This research carries weight.

Millennials spend far more on food than older generations. Indeed, they drop an average of
$797 per month on groceries, compared to $724 for those 37 and older, according to data released Thursday by Bankrate. And they spend $233 on both dine-in and take out meals, versus $182 for older generations.

Some of the reason for the higher spending is that millennials eat out — either by dining at the restaurant or getting takeout — nearly five times a week, according to a study released in June by Bankrate. That’s compared to an average of just 3.4 times per week for Gen Xers and 2.5 for Boomers, the study found.

That’s a problem for two reasons. First, it takes a bite out of your bank account. “Often, it’s the minor, habitual expenses, such as take-out and alcohol, that wreak havoc on your budget,” says Sarah Berger, a millennial money expert at Bankrate.com. And there’s little doubt that millennials could use the extra money: They’re way more likely than boomers (56% vs. 29%) to report that they often spend more and/or don’t save as much in a month as they want to, according to data from TD Ameritrade.

What’s more, dining out can lead to weight gain.
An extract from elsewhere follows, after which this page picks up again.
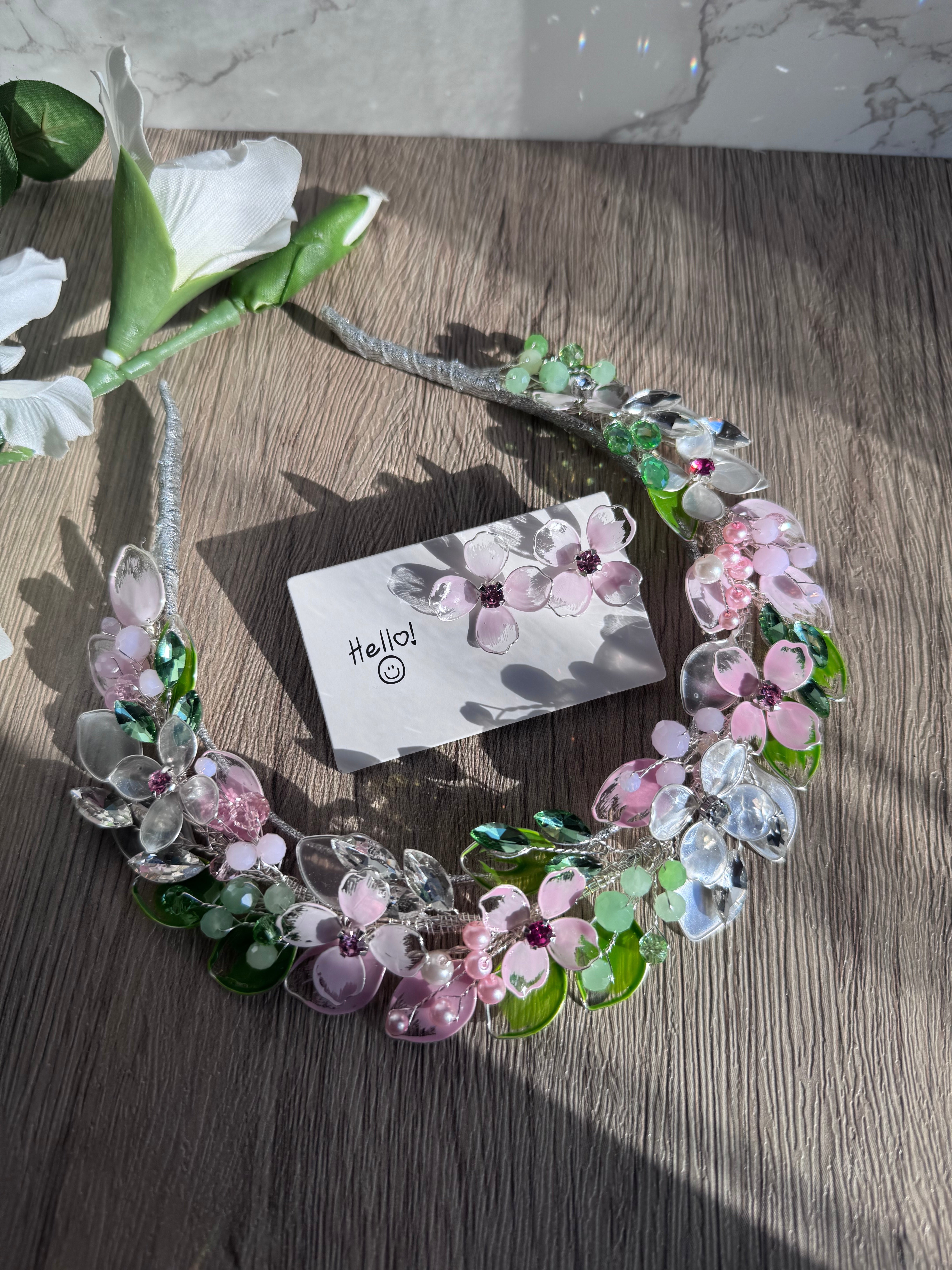 White and Majestic blue Flora crown - Precius pearls – The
When people eat out, they inhale an average of 200 more calories than when they eat at home, a 2015 study of more than 12,500 people published by Public Health Nutrition found. And government research finds that “when eating out, people either eat more or eat higher calorie foods — or both — and that this tendency appears to be increasing.” Further studies also show that people who eat out more tend to have more body fat.

Also see: Sorry, but you cannot be ‘fit but fat’

Millennials don’t need those extra calories: The proportion of people ages 18-29 who are obese has more than tripled in the past 40 years, and now roughly one in four people in this age group are obese. “The Millennial generation is the first to see rising rates of early-onset obesity-related diseases,” Dr. Susan Blumenthal writes in the Huffington Post — and those can be expensive to treat even for those with insurance.

Of course, it’s not all bad news for millennials. They still have lower obesity rates than older generations, and there are signs that millennials are intent on saving.